O livro seguinte, O Engenheiro (1942-1945) é dedicado a uma influência confessa: Carlos Drummond de Andrade. Aí já residem os indícios de um novo caminho, à procura da sobriedade, como o próprio título indica. É onde se encontra A Lição de Poesia: (...) Carvão de lápis, carvão/ da idéia fixa, carvão/ da emoção extinta, carvão/ consumido nos sonhos.
Já em Psicologia da Composição (1946-1947), surge: (...) É mineral/ a linha do horizonte,/ nossos nomes, essas coisas/ feitas de palavras./ É mineral, por fim,/ qualquer livro:/ que é mineral a palavra/ escrita, a fria natureza/ da palavra escrita. (...) O confronto entre razão e emoção já se estabelece mais abertamente.
Na sequência, ainda no primeiro volume das obras completas, aparece O Cão Sem Plumas (1949-1950), que traz um dos poemas mais conhecidos de Cabral, O Rio. A obra segue com Paisagens com Figuras (1945-1955), Morte e Vida Severina (1954-1955) de características dramáticas , Uma Faca só Lâmina (1955), Quaderna (1956-1959), Dois Parlamentos (1958-1960), e Serial (1959-1961).
No prefácio, Marly de Oliveira destaca a densidade de Uma Faca só Lâmina e a qualifica de amorosa. O poema principal traz uma obsessão ao lidar com um cerne extremamente ferino: (...) Essa lâmina adversa,/ como o relógio ou a bala,/ se torna mais alerta/ todo aquele que a guarda,/ sabe acordar também/ os objetos em torno/ e até os próprios líquidos/ podem adquirir ossos./ E tudo o que era vago,/ toda frouxa matéria,/ para quem sofre a faca/ ganha nervos, arestas. (...).
O volume dois começa com A Educação pela Pedra (1962-1965), livro dedicado ao primo Manuel Bandeira. Os poemas são cuidadosamente arquitetados e consolidam a visão árida do nordeste, os canaviais sufocando os sertanejos, os rios, a cidade de Recife, a grande pedra que é o sertão: (...) No sertão a pedra não sabe lecionar,/ e se lecionasse não ensinaria nada;/ lá não se aprende a pedra: lá a pedra,/ uma pedra de nascença, entranha a alma.
Depois aparecem Museu de Tudo (1966-1974), A Escola das Facas (1975-1980) e o Auto do Frade (1984), outro texto dramático, desta vez enfocando os últimos momentos de Frei Caneca, jornalista recifense preso durante a Confederação do Equador e fuzilado.

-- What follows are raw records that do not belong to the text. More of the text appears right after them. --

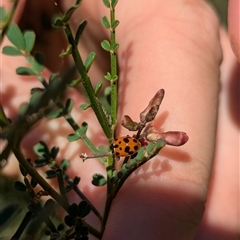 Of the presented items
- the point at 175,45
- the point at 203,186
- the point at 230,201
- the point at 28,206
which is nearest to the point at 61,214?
the point at 28,206

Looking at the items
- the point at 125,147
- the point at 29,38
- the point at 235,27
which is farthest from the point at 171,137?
the point at 235,27

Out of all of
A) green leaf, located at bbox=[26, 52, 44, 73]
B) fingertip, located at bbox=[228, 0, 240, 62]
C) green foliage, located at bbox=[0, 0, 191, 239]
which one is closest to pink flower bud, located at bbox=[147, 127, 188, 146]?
green foliage, located at bbox=[0, 0, 191, 239]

A obra prossegue com Agrestes (1981-1985) e Crime na Calle Relator (1985-1987), revelando a admiração pela Espanha, que chega ao ápice em Sevilha Andando (1987-1993) e Andando Sevilha (1987-1989), que encerram a coletânea.
Além dos dois volumes, a Nova Fronteira lançou também um CD com poemas recitados pelo próprio João Cabral, incluindo memórias biográficas. O pacote reunindo Serial e Antes, A Educação pela Pedra e Depois e o CD João Cabral de Melo Neto por João Cabral de Melo Neto, sai por R$ 56,00, preço sugerido pela editora.